Northeim (lpd). Die ursprünglich bis zum 2. Februar 2022 befristete „Winterruhe“ wird wegen der in Niedersachsen aktuell voranschreitenden Ausbreitung der Omikron-Variante des Corona-Virus ein weiteres Mal verlängert. Bis zunächst zum 23. Februar 2022 gelten im Land Niedersachsen und damit auch im Landkreis Northeim die Regeln der Warnstufe 3 unabhängig von den festgelegten Warnstufen-Indikatoren.

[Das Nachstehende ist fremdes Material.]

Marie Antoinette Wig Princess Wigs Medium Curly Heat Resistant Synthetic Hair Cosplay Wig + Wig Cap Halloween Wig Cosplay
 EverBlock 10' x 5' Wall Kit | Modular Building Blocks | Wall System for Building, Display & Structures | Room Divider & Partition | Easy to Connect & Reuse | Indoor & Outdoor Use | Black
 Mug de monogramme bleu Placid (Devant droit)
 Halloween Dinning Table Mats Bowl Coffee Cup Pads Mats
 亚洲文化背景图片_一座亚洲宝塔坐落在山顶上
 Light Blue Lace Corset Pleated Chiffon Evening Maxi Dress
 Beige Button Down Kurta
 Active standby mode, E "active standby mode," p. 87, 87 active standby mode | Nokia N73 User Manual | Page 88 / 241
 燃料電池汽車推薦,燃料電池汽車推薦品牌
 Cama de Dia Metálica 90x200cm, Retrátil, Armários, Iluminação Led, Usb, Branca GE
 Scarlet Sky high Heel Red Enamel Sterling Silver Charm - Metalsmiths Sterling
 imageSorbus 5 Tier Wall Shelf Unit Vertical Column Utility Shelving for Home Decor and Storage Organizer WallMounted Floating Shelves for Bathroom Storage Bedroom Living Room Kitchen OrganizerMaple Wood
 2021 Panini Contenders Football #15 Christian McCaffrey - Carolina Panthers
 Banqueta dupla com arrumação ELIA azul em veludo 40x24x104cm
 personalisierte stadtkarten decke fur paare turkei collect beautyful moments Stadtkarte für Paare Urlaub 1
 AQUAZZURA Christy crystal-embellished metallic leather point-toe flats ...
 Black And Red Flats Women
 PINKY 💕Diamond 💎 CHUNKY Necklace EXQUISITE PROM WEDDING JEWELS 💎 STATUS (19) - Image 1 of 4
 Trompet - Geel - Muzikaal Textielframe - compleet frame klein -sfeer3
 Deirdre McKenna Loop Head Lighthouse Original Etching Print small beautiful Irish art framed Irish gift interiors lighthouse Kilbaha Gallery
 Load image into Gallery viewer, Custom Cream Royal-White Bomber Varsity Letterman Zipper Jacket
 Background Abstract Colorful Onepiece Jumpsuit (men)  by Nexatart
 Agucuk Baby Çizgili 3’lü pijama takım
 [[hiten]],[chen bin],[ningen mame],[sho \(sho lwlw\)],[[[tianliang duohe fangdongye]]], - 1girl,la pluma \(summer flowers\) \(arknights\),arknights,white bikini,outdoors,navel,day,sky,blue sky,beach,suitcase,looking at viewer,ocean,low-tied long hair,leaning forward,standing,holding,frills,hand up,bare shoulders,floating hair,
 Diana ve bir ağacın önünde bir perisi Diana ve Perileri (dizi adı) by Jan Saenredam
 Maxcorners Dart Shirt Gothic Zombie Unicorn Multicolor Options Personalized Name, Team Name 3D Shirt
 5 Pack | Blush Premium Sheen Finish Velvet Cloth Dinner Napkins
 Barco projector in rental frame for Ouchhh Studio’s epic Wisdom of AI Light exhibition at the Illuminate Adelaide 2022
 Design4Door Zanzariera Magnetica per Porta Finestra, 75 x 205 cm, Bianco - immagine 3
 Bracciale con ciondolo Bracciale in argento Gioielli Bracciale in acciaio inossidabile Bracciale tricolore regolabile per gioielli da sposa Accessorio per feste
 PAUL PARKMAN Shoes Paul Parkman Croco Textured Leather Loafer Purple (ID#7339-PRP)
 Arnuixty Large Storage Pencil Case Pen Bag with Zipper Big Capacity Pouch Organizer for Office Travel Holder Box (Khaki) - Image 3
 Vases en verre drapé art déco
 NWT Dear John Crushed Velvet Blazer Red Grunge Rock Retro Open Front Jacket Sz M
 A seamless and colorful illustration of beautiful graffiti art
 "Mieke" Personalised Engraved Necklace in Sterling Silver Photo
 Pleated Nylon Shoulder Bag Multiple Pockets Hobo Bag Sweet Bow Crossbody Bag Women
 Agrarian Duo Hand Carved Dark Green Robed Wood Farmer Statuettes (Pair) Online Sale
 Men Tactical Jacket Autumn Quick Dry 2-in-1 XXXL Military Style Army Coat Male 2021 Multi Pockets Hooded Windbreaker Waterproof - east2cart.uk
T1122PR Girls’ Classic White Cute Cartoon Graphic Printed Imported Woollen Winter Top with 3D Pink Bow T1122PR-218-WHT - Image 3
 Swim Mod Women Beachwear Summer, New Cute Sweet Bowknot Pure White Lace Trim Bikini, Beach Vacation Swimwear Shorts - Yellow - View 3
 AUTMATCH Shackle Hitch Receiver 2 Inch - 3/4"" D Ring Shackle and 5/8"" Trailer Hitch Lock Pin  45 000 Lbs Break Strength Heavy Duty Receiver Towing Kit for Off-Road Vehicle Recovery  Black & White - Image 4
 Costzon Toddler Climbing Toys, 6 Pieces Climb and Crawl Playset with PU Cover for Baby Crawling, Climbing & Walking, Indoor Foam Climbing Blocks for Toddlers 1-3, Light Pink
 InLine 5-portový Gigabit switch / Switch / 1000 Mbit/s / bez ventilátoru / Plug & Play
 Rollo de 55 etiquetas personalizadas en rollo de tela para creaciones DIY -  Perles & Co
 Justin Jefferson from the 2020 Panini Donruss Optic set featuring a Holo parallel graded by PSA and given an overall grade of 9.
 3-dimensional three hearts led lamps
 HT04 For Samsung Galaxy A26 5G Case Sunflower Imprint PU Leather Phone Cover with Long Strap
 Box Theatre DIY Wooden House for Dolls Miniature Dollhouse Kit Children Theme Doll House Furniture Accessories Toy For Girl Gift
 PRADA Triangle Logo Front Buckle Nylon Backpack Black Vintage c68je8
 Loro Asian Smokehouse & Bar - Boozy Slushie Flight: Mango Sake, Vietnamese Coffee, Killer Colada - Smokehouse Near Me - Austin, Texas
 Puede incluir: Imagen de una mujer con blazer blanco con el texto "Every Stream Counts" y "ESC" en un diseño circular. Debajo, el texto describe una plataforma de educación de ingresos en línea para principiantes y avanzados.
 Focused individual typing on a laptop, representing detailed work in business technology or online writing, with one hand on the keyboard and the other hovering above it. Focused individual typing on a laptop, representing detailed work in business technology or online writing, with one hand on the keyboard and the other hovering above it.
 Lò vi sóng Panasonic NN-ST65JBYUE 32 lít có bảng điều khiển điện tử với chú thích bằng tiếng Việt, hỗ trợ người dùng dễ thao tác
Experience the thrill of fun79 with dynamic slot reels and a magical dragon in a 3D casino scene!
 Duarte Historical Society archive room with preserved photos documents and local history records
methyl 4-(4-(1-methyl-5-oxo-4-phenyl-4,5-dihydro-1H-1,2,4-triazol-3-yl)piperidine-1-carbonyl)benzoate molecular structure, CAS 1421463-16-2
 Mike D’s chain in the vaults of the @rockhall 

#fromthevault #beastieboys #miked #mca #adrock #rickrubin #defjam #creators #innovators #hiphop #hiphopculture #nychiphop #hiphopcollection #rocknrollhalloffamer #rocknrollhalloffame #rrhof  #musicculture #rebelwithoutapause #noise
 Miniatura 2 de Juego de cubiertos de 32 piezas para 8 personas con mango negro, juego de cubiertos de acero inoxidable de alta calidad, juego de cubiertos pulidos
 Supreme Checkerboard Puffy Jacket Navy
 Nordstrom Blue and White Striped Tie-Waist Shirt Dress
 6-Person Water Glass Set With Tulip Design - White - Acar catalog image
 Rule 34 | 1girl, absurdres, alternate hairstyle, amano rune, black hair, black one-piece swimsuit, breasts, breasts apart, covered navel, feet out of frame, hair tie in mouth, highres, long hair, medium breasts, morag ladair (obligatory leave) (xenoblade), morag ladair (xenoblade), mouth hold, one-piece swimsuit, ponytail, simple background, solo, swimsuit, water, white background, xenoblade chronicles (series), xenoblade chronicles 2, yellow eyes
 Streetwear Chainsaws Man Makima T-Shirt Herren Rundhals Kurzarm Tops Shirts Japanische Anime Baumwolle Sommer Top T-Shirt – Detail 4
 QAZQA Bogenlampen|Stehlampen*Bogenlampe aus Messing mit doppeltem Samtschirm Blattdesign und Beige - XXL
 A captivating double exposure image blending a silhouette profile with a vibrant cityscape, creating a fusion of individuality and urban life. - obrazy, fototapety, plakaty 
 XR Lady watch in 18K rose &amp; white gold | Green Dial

Die Änderungsverordnung des Landes Niedersachsen tritt heute (2. Februar 2022) in Kraft. Regeln zu Kontaktbeschränkungen, Nachweiserfordernissen und Maskenpflichten bleiben im Wesentlichen erhalten. In folgenden Bereichen gibt es punktuelle Veränderungen:

Die Pflicht zur ergänzenden Vorlage eines negativen Testes gilt weiterhin nicht für Personen, die zusätzlich zu einer Erst- und Zweitimpfung auch eine Boosterimpfung nachweisen können. Die Testpflicht entfällt zukünftig aber auch für alle,

  • die nachweislich durch eine Impfung und eine Infektion mit dem Coronavirus immunisiert sind,
  • die frisch vollständig geimpft sind, also die über einen vollständigen Impfschutz in Form von zwei Einzelimpfungen verfügen, von denen die zweite Impfung nicht länger 90 Tage zurückliegt,
  • oder die den vollständigen Impfschutz (nur) durch vorherige Infektion erworben haben, wenn die dazu ergangene Testung mindestens 28 Tage, nicht aber mehr als 90 Tage zurückliegt.

Bei der Nutzung von Sportanlagen unter freiem Himmel zum Zwecke der Ausübung von Individualsportarten in Warnstufe 2 und 3 gilt künftig die 3G-Regel statt wie bisher die 2Gplus Regelung. Für eine Person, die also eine entsprechende Sportanlage draußen zur Ausübung einer Individualsportart nutzen will, ist künftig die Vorlage eines Impf- oder Genesenennachweises, oder auch eines Nachweises über eine negative Testung, ausreichend.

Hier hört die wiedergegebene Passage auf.